*About this exercise:* Reproduce the whole listing, character for character.

*Entries supplied:*
--- START ---

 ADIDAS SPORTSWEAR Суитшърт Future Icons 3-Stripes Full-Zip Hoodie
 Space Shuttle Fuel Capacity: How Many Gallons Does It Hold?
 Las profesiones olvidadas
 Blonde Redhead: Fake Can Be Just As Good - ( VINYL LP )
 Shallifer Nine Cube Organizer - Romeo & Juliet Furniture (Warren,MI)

--- END ---

*Solution to this problem:*
 ADIDAS SPORTSWEAR Суитшърт Future Icons 3-Stripes Full-Zip Hoodie
 Space Shuttle Fuel Capacity: How Many Gallons Does It Hold?
 Las profesiones olvidadas
 Blonde Redhead: Fake Can Be Just As Good - ( VINYL LP )
 Shallifer Nine Cube Organizer - Romeo & Juliet Furniture (Warren,MI)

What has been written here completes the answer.